▶ **Action item**:
Please return the data word for word and leave out any picture it contains.

▶ **Stored data**:
^^^^
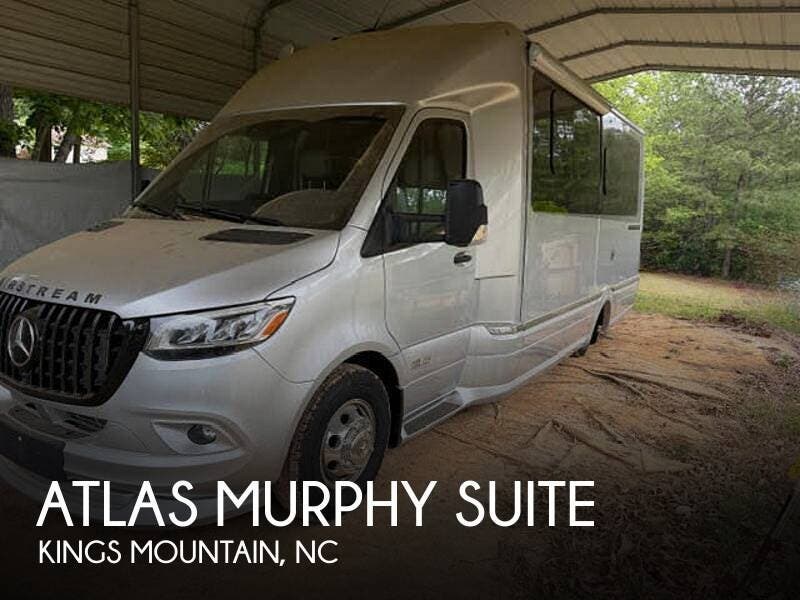 Used 2026 Airstream Atlas Murphy Suite available in Kings Mountain, North Carolina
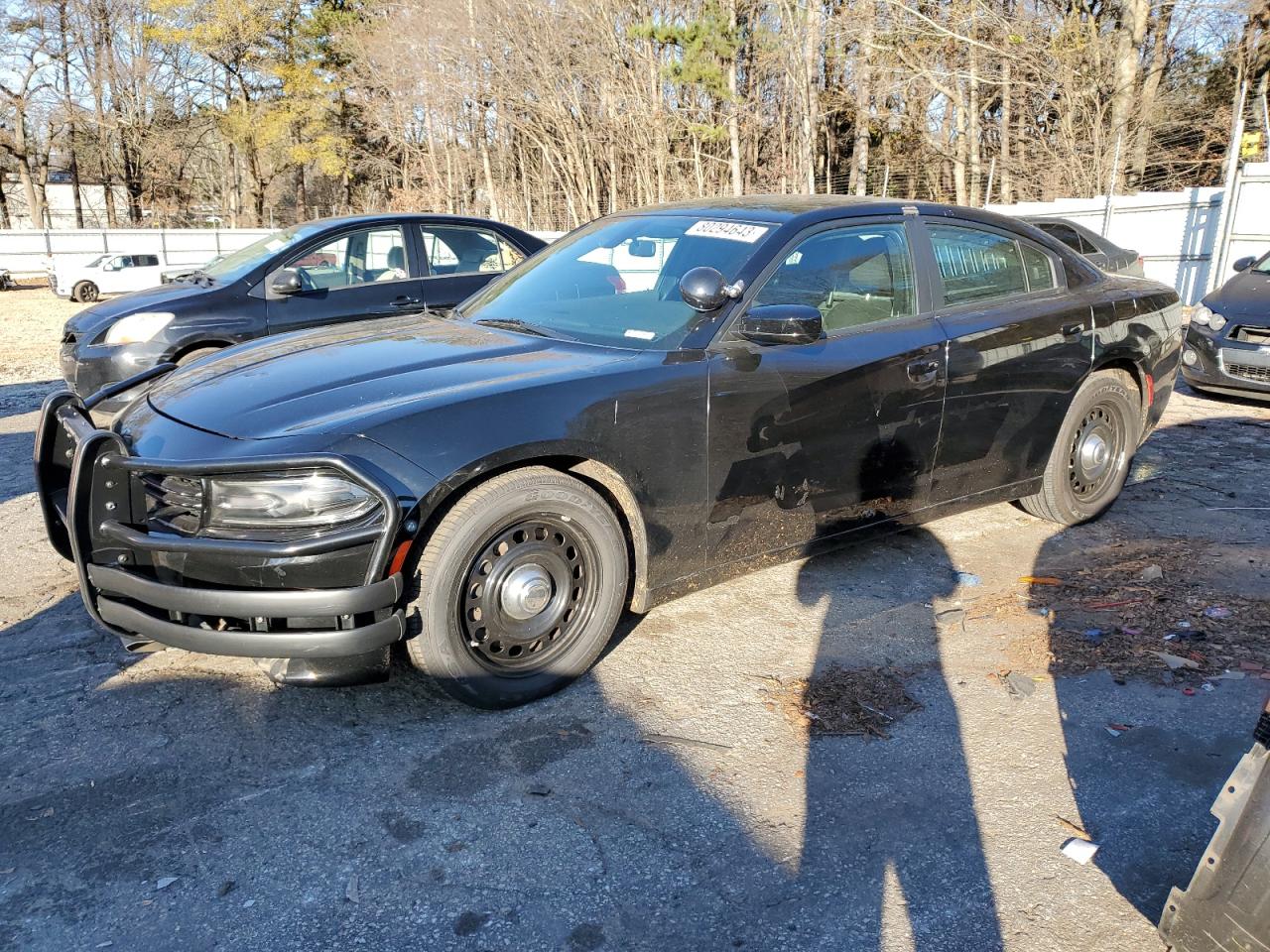 Dodge Charger 2019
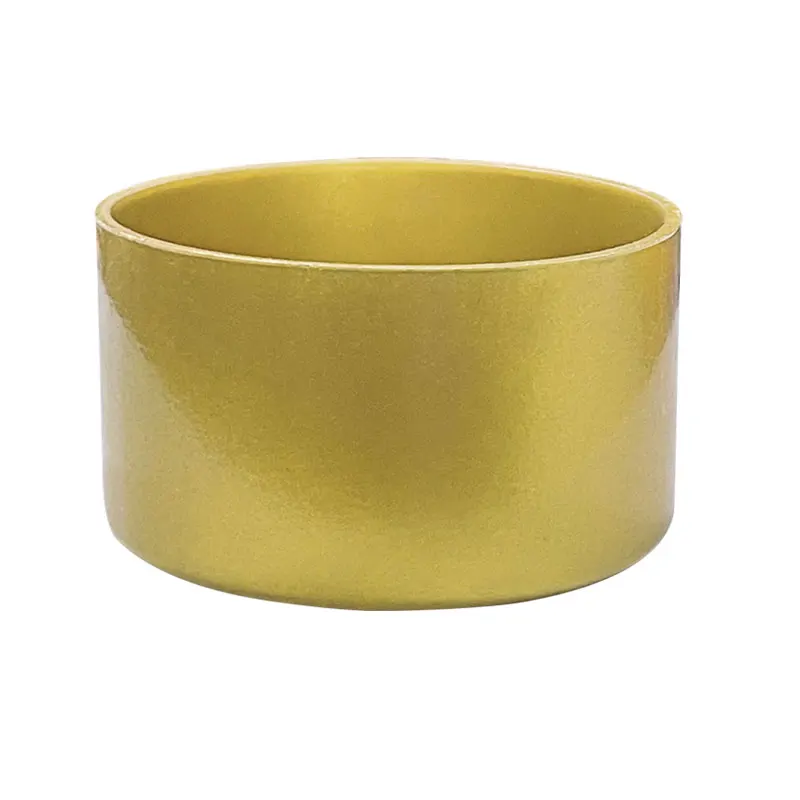 Роскошный блестящий металлический защитный чехол для фотографий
^^^^
▶ **Response for this exercise**:
 Used 2026 Airstream Atlas Murphy Suite available in Kings Mountain, North Carolina
 Dodge Charger 2019
 Роскошный блестящий металлический защитный чехол для фотографий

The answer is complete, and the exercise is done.